* **Stored dataset items**:
'''
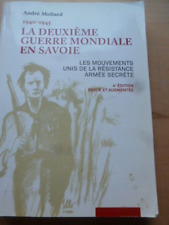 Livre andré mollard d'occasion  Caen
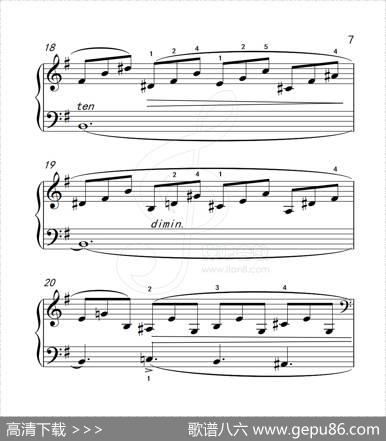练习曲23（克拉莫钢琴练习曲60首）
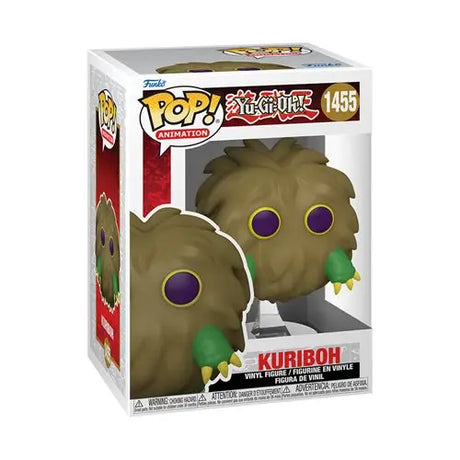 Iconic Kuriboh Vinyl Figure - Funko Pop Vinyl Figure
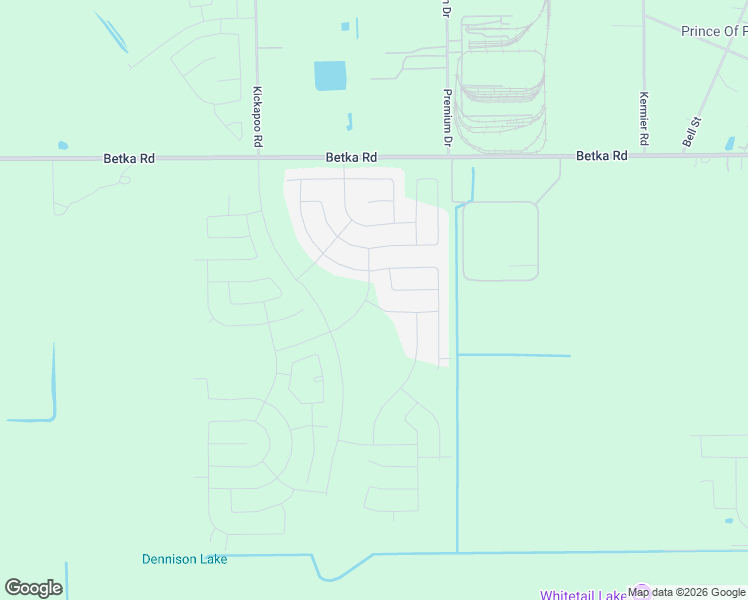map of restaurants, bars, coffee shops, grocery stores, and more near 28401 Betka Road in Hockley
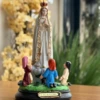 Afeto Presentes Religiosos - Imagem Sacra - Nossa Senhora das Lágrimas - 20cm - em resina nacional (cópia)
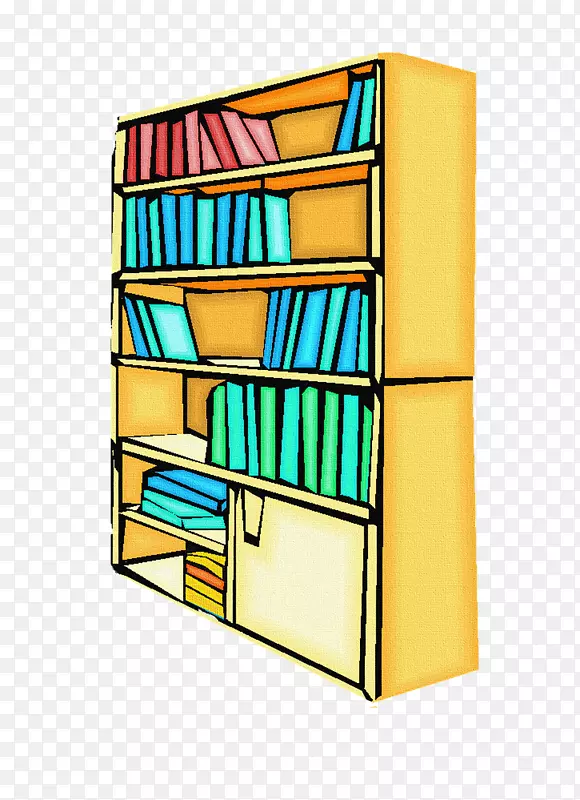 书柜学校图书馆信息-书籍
'''
* **Problem description**: Please write out the lines above exactly, from the one that contains "Iconic Kuriboh Vinyl" through the final line, and include none of the pictures.

* **Response**:
 Iconic Kuriboh Vinyl Figure - Funko Pop Vinyl Figure
map of restaurants, bars, coffee shops, grocery stores, and more near 28401 Betka Road in Hockley
 Afeto Presentes Religiosos - Imagem Sacra - Nossa Senhora das Lágrimas - 20cm - em resina nacional (cópia)
 书柜学校图书馆信息-书籍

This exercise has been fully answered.